- Film poster
- Directed by: Tiffany Hsiung
- Written by: Tiffany Hsiung
- Produced by: Tiffany Hsiung
- Cinematography: Tiffany Hsiung Eugene Weis Jason Lee Wong
- Edited by: Ricardo Acosta Xi Feng
- Music by: Tom Third
- Production company: Golden Nugget Productions
- Release date: September 15, 2020 (TIFF);
- Running time: 29 minutes
- Country: Canada
- Language: English

= Sing Me a Lullaby =

2020 Canadian short documentary film

Sing Me a Lullaby is a Canadian short documentary film, directed by Tiffany Hsiung and released in 2020. The film documents Hsiung's efforts to locate and reconnect with her mother's birth family in Taiwan, following her mother's separation from her parents and adoption in childhood.

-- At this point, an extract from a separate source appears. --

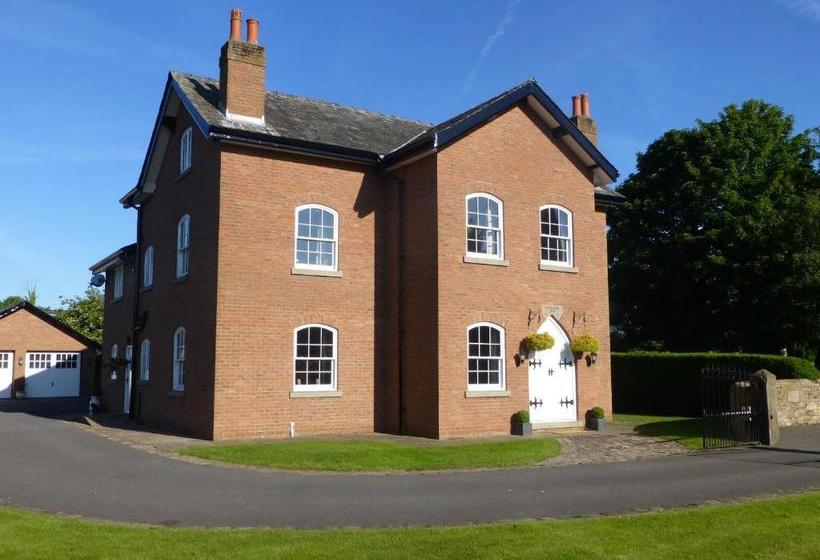 ベッドアンドブレックファースト Manor House Farm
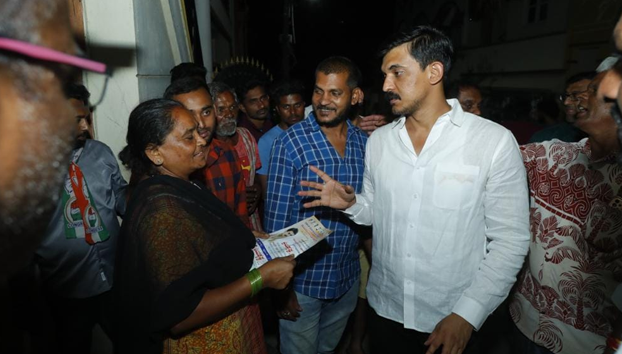 Met the residents of Annapoorneshwari Nagar of Moodalapalya ward 127 and campaigned for votes on behalf of Congress party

The film premiered at the 2020 Toronto International Film Festival, where it was named winner of the Share Her Journey award. The film was subsequently also announced as a nominee for Best Short Film at the 2020 Directors Guild of Canada awards.

The film was named to TIFF's year-end Canada's Top Ten list for short films. The film won the Canadian Screen Award for Best Short Documentary at the 9th Canadian Screen Awards in 2021.